● Try it:
The records below hold a stretch from the line with "sick little Asian" through the line with "A premium wigwam"; return exactly those lines, ends included, and nothing more.

Short descriptive text snippets
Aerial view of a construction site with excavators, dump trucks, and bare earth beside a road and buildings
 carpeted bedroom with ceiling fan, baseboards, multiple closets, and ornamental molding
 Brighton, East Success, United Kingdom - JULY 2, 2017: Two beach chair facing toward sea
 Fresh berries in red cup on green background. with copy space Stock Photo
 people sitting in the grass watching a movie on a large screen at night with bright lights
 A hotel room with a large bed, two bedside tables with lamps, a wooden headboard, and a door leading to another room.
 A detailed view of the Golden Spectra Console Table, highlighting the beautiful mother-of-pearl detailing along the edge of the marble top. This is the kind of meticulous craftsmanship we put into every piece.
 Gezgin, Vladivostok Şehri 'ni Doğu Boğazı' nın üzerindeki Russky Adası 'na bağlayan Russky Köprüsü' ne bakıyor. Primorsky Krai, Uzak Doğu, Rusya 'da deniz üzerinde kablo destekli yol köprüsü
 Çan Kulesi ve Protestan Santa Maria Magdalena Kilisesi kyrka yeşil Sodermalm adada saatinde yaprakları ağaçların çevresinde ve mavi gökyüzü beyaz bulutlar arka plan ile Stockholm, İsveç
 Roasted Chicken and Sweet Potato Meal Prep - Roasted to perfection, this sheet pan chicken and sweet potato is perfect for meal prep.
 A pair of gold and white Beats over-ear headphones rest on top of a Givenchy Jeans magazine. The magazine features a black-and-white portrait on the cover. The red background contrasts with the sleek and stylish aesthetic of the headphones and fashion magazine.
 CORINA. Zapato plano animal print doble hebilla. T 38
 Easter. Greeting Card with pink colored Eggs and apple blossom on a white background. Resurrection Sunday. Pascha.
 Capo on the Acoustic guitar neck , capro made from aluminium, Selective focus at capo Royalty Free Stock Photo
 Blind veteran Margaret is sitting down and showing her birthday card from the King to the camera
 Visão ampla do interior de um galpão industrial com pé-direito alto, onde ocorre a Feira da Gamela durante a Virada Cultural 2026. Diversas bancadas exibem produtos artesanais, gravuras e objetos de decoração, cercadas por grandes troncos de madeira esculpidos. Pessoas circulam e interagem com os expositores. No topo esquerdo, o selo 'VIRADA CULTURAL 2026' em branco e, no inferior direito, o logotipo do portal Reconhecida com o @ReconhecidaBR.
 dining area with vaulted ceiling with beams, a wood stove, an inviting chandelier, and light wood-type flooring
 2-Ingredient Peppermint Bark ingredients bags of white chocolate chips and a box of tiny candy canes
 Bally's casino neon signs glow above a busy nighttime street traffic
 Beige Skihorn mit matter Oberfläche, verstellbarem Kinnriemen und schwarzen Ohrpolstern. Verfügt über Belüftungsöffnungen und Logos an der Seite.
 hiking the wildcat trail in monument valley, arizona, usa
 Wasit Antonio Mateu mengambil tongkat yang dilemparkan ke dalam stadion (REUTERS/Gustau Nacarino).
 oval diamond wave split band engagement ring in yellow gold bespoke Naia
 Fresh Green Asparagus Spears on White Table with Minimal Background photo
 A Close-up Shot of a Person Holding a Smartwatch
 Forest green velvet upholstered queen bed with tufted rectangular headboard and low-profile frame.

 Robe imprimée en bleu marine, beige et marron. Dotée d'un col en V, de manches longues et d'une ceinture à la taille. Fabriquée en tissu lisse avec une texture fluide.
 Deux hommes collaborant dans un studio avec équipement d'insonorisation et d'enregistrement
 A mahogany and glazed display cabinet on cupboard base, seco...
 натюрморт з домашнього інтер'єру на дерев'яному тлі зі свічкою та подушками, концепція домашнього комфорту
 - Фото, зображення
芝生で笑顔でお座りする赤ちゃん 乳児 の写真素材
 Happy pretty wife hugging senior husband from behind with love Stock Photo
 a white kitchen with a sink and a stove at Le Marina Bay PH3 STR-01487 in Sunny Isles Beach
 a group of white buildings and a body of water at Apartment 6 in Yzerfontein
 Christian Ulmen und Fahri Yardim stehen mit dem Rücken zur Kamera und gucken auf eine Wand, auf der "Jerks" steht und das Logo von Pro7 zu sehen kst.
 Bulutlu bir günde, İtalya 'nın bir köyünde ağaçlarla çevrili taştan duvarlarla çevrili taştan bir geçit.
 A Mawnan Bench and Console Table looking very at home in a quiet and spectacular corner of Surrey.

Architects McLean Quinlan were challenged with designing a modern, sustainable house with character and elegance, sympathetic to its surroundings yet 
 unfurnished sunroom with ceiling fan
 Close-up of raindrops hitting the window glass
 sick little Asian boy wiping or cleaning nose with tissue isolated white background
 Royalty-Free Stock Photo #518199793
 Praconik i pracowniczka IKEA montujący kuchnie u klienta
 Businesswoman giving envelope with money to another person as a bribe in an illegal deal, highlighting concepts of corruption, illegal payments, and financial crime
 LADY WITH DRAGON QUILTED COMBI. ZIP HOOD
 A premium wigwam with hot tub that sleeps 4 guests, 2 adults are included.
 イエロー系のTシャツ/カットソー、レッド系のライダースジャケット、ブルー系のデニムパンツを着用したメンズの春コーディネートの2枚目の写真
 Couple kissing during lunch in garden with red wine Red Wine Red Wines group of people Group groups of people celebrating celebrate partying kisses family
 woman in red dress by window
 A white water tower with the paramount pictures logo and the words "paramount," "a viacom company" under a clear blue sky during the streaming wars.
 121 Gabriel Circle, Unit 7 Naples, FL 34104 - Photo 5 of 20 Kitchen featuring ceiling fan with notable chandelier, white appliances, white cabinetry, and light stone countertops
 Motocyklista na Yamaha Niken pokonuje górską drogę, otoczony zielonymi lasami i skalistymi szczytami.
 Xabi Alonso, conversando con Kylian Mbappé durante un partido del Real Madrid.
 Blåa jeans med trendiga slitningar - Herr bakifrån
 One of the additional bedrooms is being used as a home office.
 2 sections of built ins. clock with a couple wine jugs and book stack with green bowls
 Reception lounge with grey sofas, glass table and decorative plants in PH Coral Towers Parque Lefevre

● Expected answer:
 sick little Asian boy wiping or cleaning nose with tissue isolated white background
 Royalty-Free Stock Photo #518199793
 Praconik i pracowniczka IKEA montujący kuchnie u klienta
 Businesswoman giving envelope with money to another person as a bribe in an illegal deal, highlighting concepts of corruption, illegal payments, and financial crime
 LADY WITH DRAGON QUILTED COMBI. ZIP HOOD
 A premium wigwam with hot tub that sleeps 4 guests, 2 adults are included.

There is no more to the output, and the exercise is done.